WHAT YOU SHOULD DO → From the data below, set down exactly the lines between the one holding "Verona Nail | Тула | Онлайн-запись" and the one holding "7186 SW Quiet", inclusive, and no others.

══════════════════════════════

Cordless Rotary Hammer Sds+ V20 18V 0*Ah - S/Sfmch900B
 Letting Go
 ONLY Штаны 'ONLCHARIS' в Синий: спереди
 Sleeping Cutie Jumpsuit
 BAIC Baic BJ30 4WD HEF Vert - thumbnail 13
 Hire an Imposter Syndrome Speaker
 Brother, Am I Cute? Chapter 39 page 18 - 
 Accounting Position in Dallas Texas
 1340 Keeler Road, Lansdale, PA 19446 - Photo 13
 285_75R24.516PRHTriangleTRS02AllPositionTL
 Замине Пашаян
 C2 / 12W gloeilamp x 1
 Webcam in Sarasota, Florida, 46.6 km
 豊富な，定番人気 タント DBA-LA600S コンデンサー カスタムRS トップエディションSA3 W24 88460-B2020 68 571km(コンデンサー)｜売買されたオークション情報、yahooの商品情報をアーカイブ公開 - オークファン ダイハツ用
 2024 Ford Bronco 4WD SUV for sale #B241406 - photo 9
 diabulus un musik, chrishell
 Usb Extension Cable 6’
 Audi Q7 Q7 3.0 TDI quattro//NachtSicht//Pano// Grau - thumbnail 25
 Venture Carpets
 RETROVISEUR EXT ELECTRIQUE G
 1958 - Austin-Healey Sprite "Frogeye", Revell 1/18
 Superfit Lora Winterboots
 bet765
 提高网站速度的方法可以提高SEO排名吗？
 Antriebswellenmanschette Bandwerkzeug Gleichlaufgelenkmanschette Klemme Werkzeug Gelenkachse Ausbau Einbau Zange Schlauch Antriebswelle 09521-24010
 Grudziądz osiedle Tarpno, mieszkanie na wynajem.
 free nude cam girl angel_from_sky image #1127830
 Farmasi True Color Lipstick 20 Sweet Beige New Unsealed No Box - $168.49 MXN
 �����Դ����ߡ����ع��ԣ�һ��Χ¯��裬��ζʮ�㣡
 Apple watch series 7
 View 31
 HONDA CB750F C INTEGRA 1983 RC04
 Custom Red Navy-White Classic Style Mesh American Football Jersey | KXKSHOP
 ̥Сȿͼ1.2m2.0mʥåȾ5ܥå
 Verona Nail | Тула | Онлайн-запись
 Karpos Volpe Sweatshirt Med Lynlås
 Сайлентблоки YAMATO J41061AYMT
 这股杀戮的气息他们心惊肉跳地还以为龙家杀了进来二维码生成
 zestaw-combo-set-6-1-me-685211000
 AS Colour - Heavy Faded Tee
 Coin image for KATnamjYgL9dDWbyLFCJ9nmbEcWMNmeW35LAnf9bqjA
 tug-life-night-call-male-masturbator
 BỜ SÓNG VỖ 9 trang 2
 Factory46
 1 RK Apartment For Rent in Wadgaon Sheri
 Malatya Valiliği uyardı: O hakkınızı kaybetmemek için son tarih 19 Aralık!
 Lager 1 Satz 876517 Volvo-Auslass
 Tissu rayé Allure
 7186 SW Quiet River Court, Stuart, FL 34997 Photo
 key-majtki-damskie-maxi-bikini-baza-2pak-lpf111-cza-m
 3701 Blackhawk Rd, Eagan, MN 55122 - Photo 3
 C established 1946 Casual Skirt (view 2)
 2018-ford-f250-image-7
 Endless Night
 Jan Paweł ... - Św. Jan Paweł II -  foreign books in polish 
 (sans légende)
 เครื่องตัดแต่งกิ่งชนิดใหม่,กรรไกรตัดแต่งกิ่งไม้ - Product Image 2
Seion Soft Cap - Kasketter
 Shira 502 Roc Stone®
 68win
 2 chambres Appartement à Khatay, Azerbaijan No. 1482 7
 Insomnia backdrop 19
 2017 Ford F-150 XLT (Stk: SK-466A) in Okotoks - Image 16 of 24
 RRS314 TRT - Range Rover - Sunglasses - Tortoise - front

══════════════════════════════

SOLUTION TO THIS TASK →
 Verona Nail | Тула | Онлайн-запись
 Karpos Volpe Sweatshirt Med Lynlås
 Сайлентблоки YAMATO J41061AYMT
 这股杀戮的气息他们心惊肉跳地还以为龙家杀了进来二维码生成
 zestaw-combo-set-6-1-me-685211000
 AS Colour - Heavy Faded Tee
 Coin image for KATnamjYgL9dDWbyLFCJ9nmbEcWMNmeW35LAnf9bqjA
 tug-life-night-call-male-masturbator
 BỜ SÓNG VỖ 9 trang 2
 Factory46
 1 RK Apartment For Rent in Wadgaon Sheri
 Malatya Valiliği uyardı: O hakkınızı kaybetmemek için son tarih 19 Aralık!
 Lager 1 Satz 876517 Volvo-Auslass
 Tissu rayé Allure
 7186 SW Quiet River Court, Stuart, FL 34997 Photo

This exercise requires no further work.